-1

I want to make a macro that will open all excel books in a folder, read the filled information and store them in a sheet which will represent my database. I need to know your suggestions and what is the best way to do that, to get a fast and flexible result.

To help you understand my question, let us suppose that I have 3 excel templates containing First Name, Last Name and Country, but at different positions like these pictures

Template 1 Template1

Template 2 Template2

Template 3 Template3

Based on that, the final result that I would like to get is : Result

The exemple that I am giving by these pictures is really very simple, but it was just to help you understand what I want. Now I will detail about the real need. In fact, I have 3 templates, but each of them contains about 80 fields of data to collect (not only first name, last name and country). And i don't have to read only 3 files, but I have to read about 200 files placed in a folder and each of them is either template1, or 2 or 3. In the future we may have a template 4 that's why I need something flexible.

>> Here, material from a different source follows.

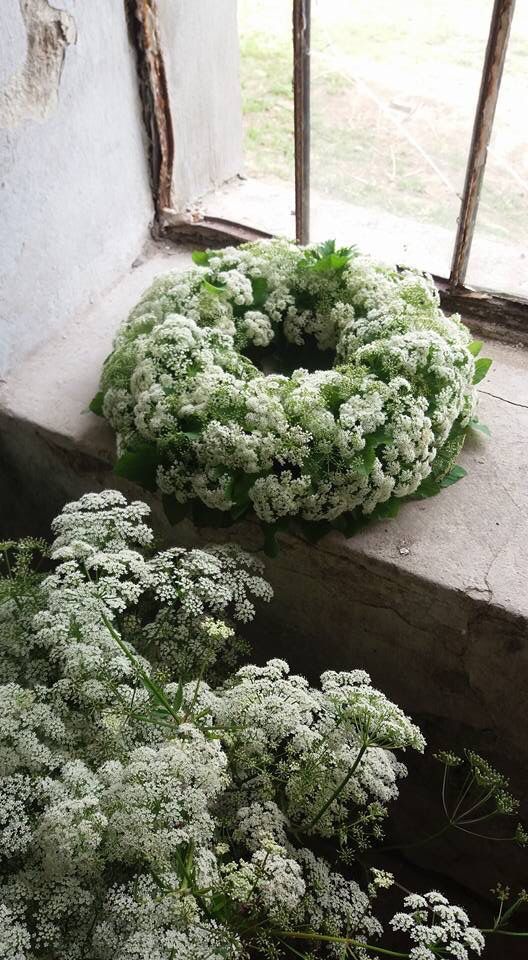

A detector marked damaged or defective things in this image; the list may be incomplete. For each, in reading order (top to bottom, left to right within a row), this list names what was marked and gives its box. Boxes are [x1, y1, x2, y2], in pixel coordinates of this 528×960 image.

peeling paint [0, 0, 76, 129]
cracked concrete [1, 242, 528, 900] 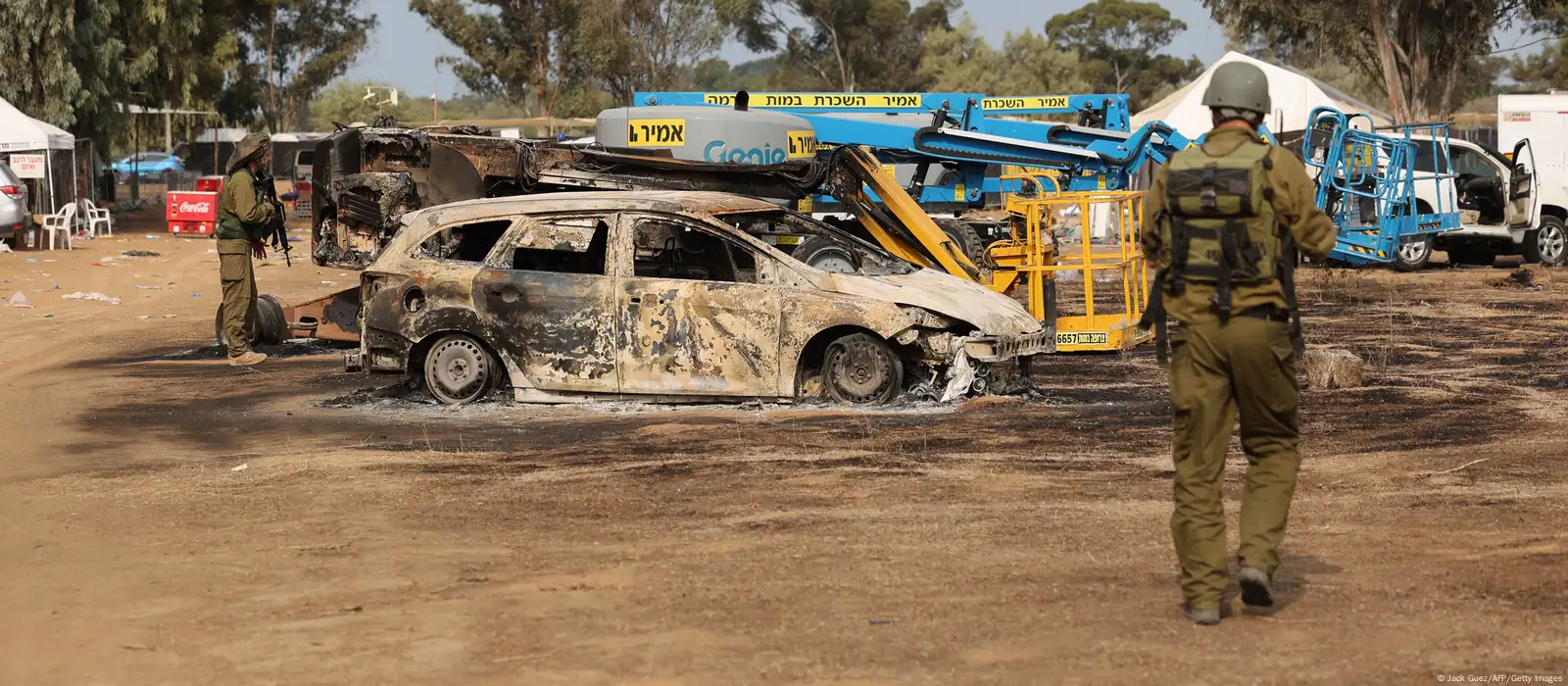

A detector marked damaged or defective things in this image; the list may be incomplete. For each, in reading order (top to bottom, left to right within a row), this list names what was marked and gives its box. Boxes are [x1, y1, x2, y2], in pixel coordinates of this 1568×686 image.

I thought about named ranges, but the template 1,2,3 already exists, and I can't collect from the 200 users the 200 existing excels files, and before launching my macro, giving a named range to the 80 field at each file. I can use named range if in the future they will be a template 4, so before sending the files to the final user who will fill the excel we name the ranges and send it to him, but before the template 4,i have to fix the problem of the current 3 existing templates.

I also thought about reading data based on columns and row indexes,for exemple I check the type of file and if I am reading a file template one, I get first name from the cell (2,3), and If it's a template 2, i get the information from cell (5,6) and if it's a template 3, i get the information from Cel (9,4), but the problem is that my code will not be at all flexible.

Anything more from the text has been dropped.